Local ownership is increasingly recognized as a key element in the long-term sustainability of post-conflict peacebuilding. In practice, however, local ownership has been understood narrowly as a process through which domestic elites in post-conflict states are expected to implement key elements of what has come to be known as the ‘liberal peace’. Recent experience in Kosovo, Afghanistan, and elsewhere suggest that this conception of local ownership rests on questionable assumptions about the willingness of domestic actors to take ownership over external models of reform. Drawing on examples from a range of recent peacebuilding processes, I re-conceptualise local ownership in terms of the ways in which agency is exercised by a diverse range of local actors throughout the post-conflict period, in ways that can both support and undermine the broader peacebuilding process. Viewing ownership as part as an ongoing struggle for influence, authority and legitimacy across the international-local divide not only better captures the reality of contemporary peacebuilding processes, it also suggests the need for less paternalistic forms of outside engagement with post-conflict societies.
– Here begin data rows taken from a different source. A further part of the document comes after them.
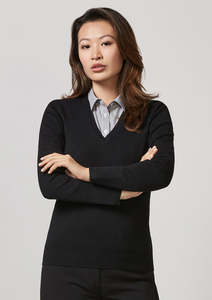 Pullovers: Womens V-Neck Knit Pullover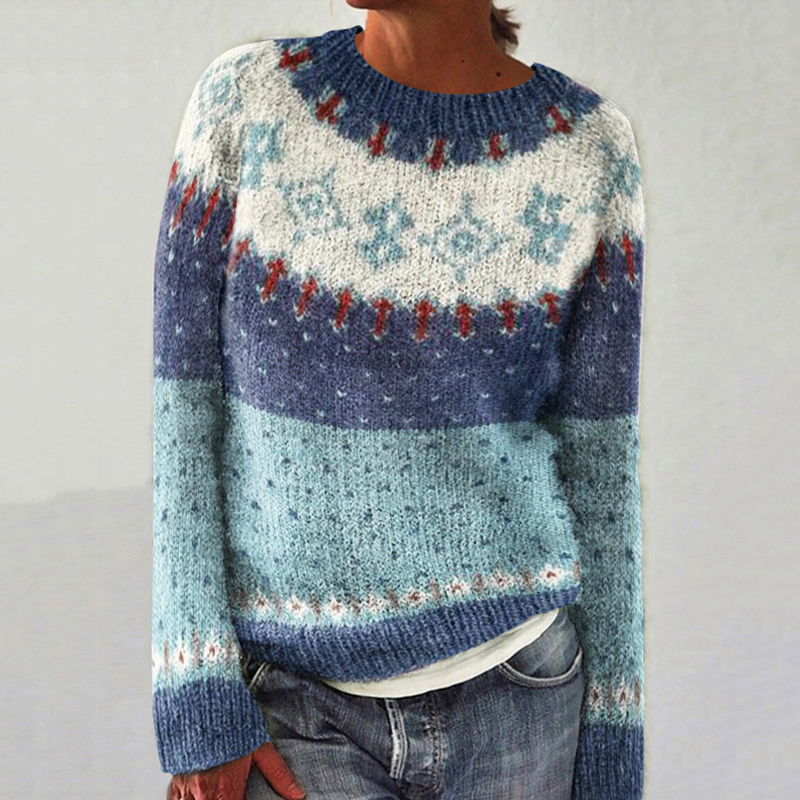 Vintage Contrast Patchwork Fairman Island Jacquard Sweater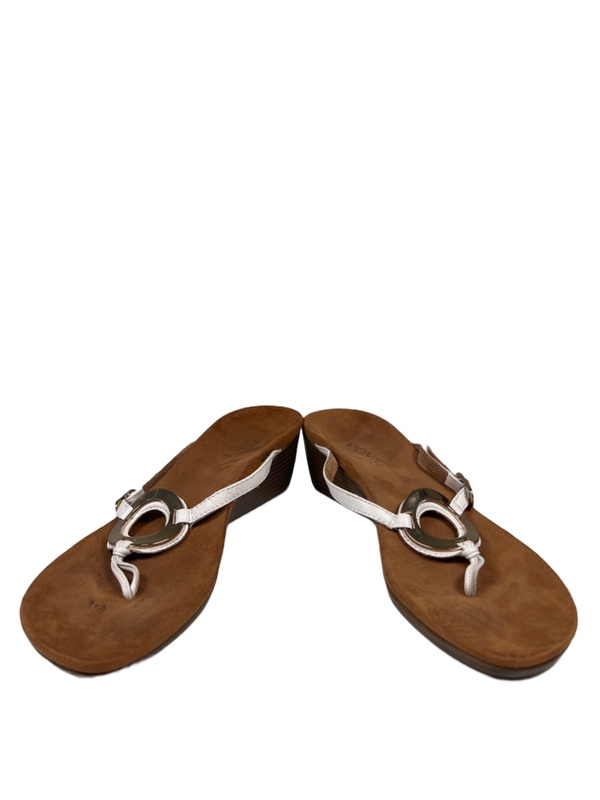 Vionic Women's White/Brown Park Orchid Toe-Post Adjustable Wedge Sandals - 8.5 image 6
Timothy Donais is an assistant professor of political science at the University of Windsor, with a specialization in peace and conflict studies. His current research focuses on post-conflict peacebuilding, with a particular emphasis on questions of ‘local ownership’ in peacebuilding processes. In addition, he has written extensively about the peacebuilding process in Bosnia-Herzegovina, and maintains an active research interest in the broader Balkan region. His work has appeared in journals such as Conflict, Security and Development, International Journal, and Civil Wars, and he is the author of The Political Economy of Peacebuilding in Post-Dayton Bosnia, published by Routledge in 2005.